むしろよく五分もじっと待っていたものである。
「――っ! す、すまない。そのだな、えーと……」
「何か言いにくいことなんでしょうか?」
「いや、違うんだが……」
ようやく決心がついたのか、レクトは大きく息を吐くと決意の瞳を宿して告げた。
「メロディ……その、俺と……夏の舞踏会に一緒に出てもらえないだろうか」
「「えっ!?」」
意を決したレクトの言葉に、メロディとルシアナは目をパチクリさせて驚いた。
さもありなん、とレクトは動揺する二人の気持ちに理解を示す。
半ば騙し討ちのかたちで春の舞踏会にパートナーとして参加してもらった際、メロディには今回限りと伝えていたはずだというのに、こんなギリギリの時期にわざわざルトルバーグ伯爵領に押し掛けてまで、再びパートナーの打診である。
驚かない方がおかしい。

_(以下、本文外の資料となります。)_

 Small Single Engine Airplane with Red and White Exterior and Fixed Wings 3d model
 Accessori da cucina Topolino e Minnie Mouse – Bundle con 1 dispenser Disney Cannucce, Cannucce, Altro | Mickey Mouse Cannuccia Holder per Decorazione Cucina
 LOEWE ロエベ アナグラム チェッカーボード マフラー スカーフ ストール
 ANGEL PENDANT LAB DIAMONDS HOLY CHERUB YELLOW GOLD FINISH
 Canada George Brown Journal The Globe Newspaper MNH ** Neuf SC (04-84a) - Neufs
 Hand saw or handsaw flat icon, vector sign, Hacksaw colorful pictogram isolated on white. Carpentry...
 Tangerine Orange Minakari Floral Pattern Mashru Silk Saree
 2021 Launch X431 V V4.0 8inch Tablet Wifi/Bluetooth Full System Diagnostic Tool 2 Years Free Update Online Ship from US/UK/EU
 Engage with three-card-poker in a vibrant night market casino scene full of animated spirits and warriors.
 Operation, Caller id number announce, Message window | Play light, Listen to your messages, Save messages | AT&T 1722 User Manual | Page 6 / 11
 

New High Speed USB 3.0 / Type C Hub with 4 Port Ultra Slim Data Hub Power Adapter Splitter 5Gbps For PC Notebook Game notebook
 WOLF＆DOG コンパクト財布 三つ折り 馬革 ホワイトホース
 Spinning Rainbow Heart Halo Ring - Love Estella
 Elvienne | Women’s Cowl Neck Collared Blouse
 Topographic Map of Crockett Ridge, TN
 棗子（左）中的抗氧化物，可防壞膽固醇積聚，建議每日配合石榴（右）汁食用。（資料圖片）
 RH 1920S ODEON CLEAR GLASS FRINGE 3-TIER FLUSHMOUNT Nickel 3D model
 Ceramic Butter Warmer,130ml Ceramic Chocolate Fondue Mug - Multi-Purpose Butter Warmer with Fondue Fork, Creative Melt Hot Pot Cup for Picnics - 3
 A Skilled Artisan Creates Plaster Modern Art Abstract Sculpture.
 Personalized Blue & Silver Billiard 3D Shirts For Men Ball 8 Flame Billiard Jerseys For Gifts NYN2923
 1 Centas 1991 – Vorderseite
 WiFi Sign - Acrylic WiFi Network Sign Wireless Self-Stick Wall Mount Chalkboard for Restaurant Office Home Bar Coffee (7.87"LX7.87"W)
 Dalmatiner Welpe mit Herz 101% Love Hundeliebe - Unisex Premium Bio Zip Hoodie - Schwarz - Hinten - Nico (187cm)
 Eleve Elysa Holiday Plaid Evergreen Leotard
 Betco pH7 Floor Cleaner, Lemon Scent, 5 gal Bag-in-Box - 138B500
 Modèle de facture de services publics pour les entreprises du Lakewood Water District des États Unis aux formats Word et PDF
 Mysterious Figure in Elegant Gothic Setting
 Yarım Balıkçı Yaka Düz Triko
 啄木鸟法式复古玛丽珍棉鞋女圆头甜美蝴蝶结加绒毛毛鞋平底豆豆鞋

そう考えていたレクトだったが……。
「「忘れてたあああああああ!」」
何やら驚き方がレクトの想像と違っていた。
(『忘れてた』って何のことだ。ルシアナ嬢のことだからてっきり俺を睨みつけたり罵声を浴びせたりするかと思ったんだが……この反応は想定外だ)
「ああ、もう! 私ったらこんな大切なことをどうして今の今まで忘れてたの!?」
「私も完全に失念していました。危うくすっかり忘れたまま王都へ戻るところでしたね」
「で、でもメロディ、私、どうしたらいいの!?」
「落ち着いてください、お嬢様。幸いまだ時間はありますから!」
「そ、そうね……う、うん。まだ時間はある」
取り乱したルシアナは何度も深呼吸をして気持ちを落ち着かせた。どうにか落ち着きを取り戻すと、ルシアナはキッとレクトを睨みつける。
「それで、メロディに夏の舞踏会に出席してほしいって話だったわね」
「あ、ああ」
「レクトさん、どうしてそんなお話になったんですか? 確か、前回の春の舞踏会一回きりのお話でしたよね?」
「……レギンバース伯爵閣下に、夏の舞踏会へ出席するよう命じられたんだが、やはり今回もパートナーを同伴するように言われたんだ」
「それでまたメロディをパートナーにって?」
レクトは渋い顔をしてコクリと頷く。
「実際問題、俺にはパートナーの心当たりがメロディくらいしかいないのも事実だ」
「あの、そもそも夏の舞踏会にパートナーって必須なんでしょうか」
「パートナー必須なのは春の舞踏会の社交界デビューの時くらいで、他は特に必要なかったはずよ」
「そうなんですね。ちなみに、その打診ってお断りすることは可能でしょうか」
少し困った表情で首を傾げるメロディに、レクトは眉尻を下げて苦笑を浮かべた。